Mosquera, funza, madrid, Mosquera
A veces las personas llegan diciendo:
“solo siento el oído tapado…”
“seguro es cera…”
“después miro eso…”
Y pasan semanas… incluso meses acostumbrándose a escuchar menos, subir el volumen del celular, pedir que les repitan las cosas o sentir esa presión incóoda que parece “normal”.
Pero lo que muchos no saben es que cuando el oído no escucha bien, el cerebro también empieza a esforzarse más para entender los sonidos.

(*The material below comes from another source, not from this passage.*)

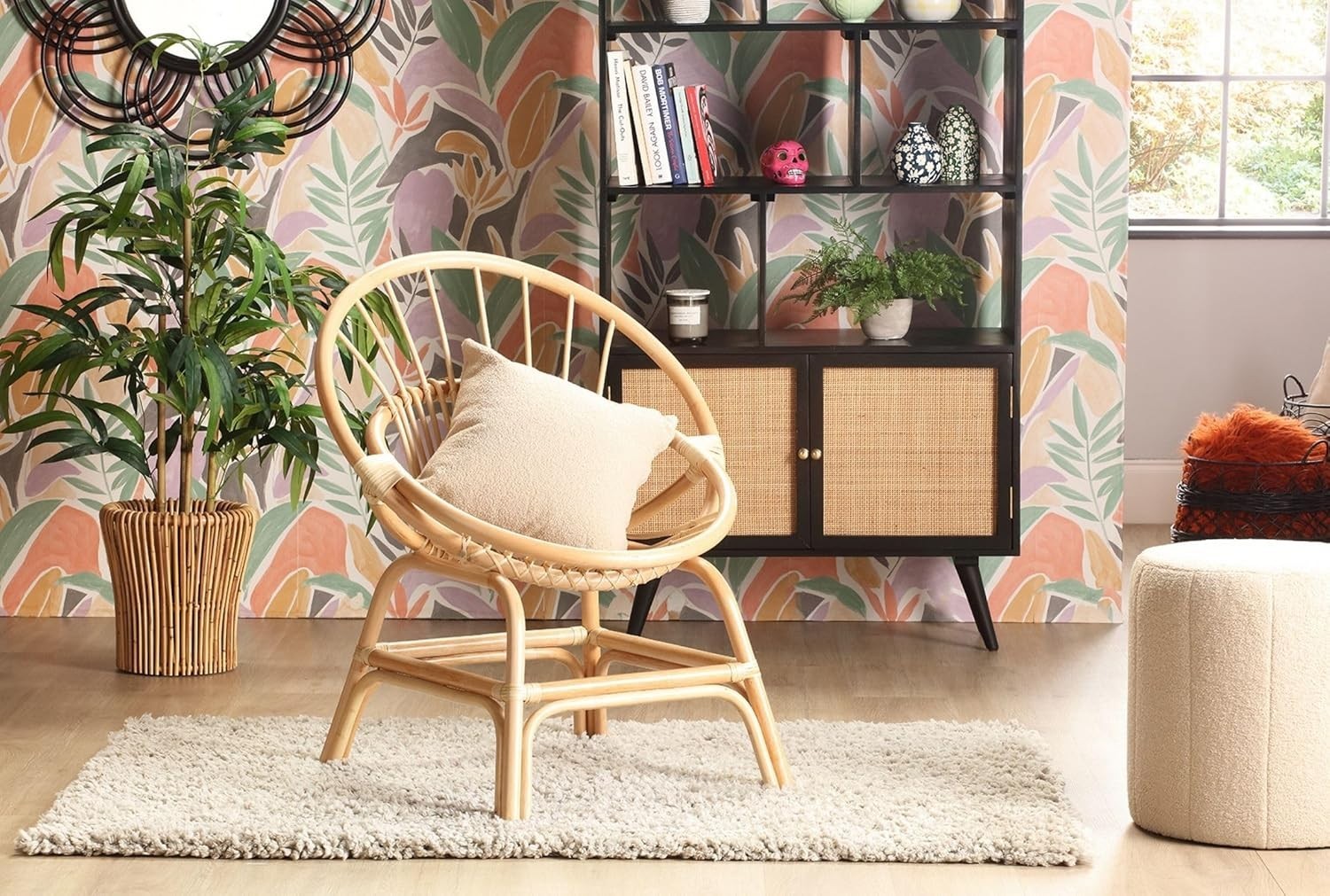 Rattan Wicker Moon Chair Indoor Cane Lounge Armchair Bedroom Living Room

Las conversaciones cansan.
La atención disminuye.
Y hasta algo tan simple como escuchar claramente una voz puede empezar a alterarse poco a poco.
Hace un tiempo atendí a una persona que llevaba meses pensando que tenía “problemas de concentración”.
Sentía molestias, escuchaba opaco y ya evitaba hablar mucho porque no entendía algunas palabras cuando había ruido.
Pensó que era estrés.
Pensó que era cansancio.
Pero gran parte del problema estaba en algo tan sencillo como una acumulación de cera que llevaba demasiado tiempo ahí.
Después del lavado auditivo me dijo algo que nunca olvido:
“no sabía que estaba escuchando tan mal hasta que volví a escuchar bien”.
Y es que a veces nos acostumbramos tanto a compensar, que olvidamos cómo se siente escuchar con claridad.
Tu salud auditiva no es un lujo.
No es solamente “limpiar un oído”.
Es calidad de vida, comunicación, bienestar y conexión con los demás.
Si sientes sensación de oído tapado, zumbidos, dificultad para escuchar o molestias frecuentes… no lo ignores.
A veces el cambio más pequeño puede hacer una diferencia enorme en tu día a día.